In Western music, differences in valence are mainly associated with major versus minor mode [16]. For the purpose of our study, the emotion joy could be considered to be similar to the sensation of happiness. According to Juslin and Laukka [25], happiness is associated with the following cues: fast speech rate/tempo, medium to high voice intensity/sound level, medium high-frequency energy, high F0/pitch level, much F0/pitch variability, rising F0/pitch contour, fast voice onsets/tone attacks, and very little microstructural irregularity. In [4, 5], authors conclude that happy music performances are characterized by a relatively fast tempo and loud sound with staccato articulation and clear phrasing (i.e. changes in tempo and sound level organized in accelerando/crescendo and rallentando/decrescendo couples for the communication of a musical phrase). Moreover, happiness is said to best be expressed with major mode, high pitch and high tempo, flowing rhythm and simple harmony [5, 20]. For the joyful sonification, we used a rectangular (pulse) oscillator with a rather short envelope duration, mapping magnitude of the input signal to pitches in a C major scale, with an Inter-Onset-Interval (IOI) of 180 ms between notes (about 5.5 notes/second).
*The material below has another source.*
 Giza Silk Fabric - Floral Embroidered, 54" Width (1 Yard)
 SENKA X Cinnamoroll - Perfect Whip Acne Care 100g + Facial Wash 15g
3.5.3 Continuous Sonification

The continuous sonifications were, as the name suggests, not characterized by any particular rhythm. Similar to the rhythmic case, the continuous sonification of frustration made use sample-based (granular) synthesis, but without a rhythmic component and added distortion. Grains were also generated based on peak amplitude. The sonification model for relaxation was similar to the one described for the rhythmic relaxed condition, with the difference that the sound was continuous, and that the resonant band-pass filter was set to a variable range of 300-500 Hz and the Q value to 0.2-1.0. Scaling between absolute magnitude was also slightly different. For the joyful sonification, a simple FM synthesizer was used to generate a tonic and major third in a C major scale, with increasing pitch depending on magnitude of the original sound file.

3.5.4 Procedure

After completing Experiment 1, participants proceeded with Experiment 2. They were presented with sound stimuli that they could listen to as many times as they wanted. Participants were then asked to rate perceived emotions on a set of five-step scales (sad, joyful, frustrated, relaxed), ranging from not at all (0) to very much (4), with an annotated step size of 1. These are the same scales that were used in our previous study [15]. The reason why the sad scale was included, despite the fact that no “sad” stimuli was used, was to obtain results comparable to those presented in [15]. The participants were given the following instructions: “This sound represents an emotional reaction. Rate how much of the following emotions you perceive in the sound.” The presentation order of the stimuli was randomized for each participant.

3.5.5 Analysis

Since the data was collected on scales that displayed numeric values of equal distance, we proceeded with statistical analysis using parametric methods. With 30 observations per category, data could be assumed to be normally distributed according to the Central Limit Theorem. For the purpose of this study, we performed analysis of ratings within each stimulus category (frustrated, relaxed and joyful), through separate Two-Way Repeated Measures ANOVAs with the following within-subjects factors: emotional scale (frustrated, joyful, relaxed and sad) and condition, i.e. sound model (original sound, rhythmic sonification, continuous sonification, original + rhythmic sonification and original + continuous sonification). The purpose of these tests was to investigate if there was an interaction effect between emotional scale and condition (sound model). Greenhouse-Geisser estimates of spehericity were used when the assumptions of sphericity were not met. When the omnibus test for the interaction was significant, it was followed by the application of a post hoc procedure to explore which pairs of cell means that were significantly different, i.e. which condition that resulted in significantly different ratings for respective scale compared to the original sound. Paired t-tests with Bonferroni corrections were used to account for multiple comparisons.

4 Results

4.1 Experiment 1

4.1.1 Frustrated

A total of 53 different phrases were identified for the frustrated sound. A summary of the analysis, in which both authors divided words into categories based on the circumplex model of affect, is presented in Table 2. For arousal, no larger difference between the number of activation versus deactivation terms could be observed. Regarding valence, there was a slight tendency towards more negative terms than positive ones. The most frequently used words for describing the frustrated sound were sadness (3) and stress (3). However, a range of positive words were also identified.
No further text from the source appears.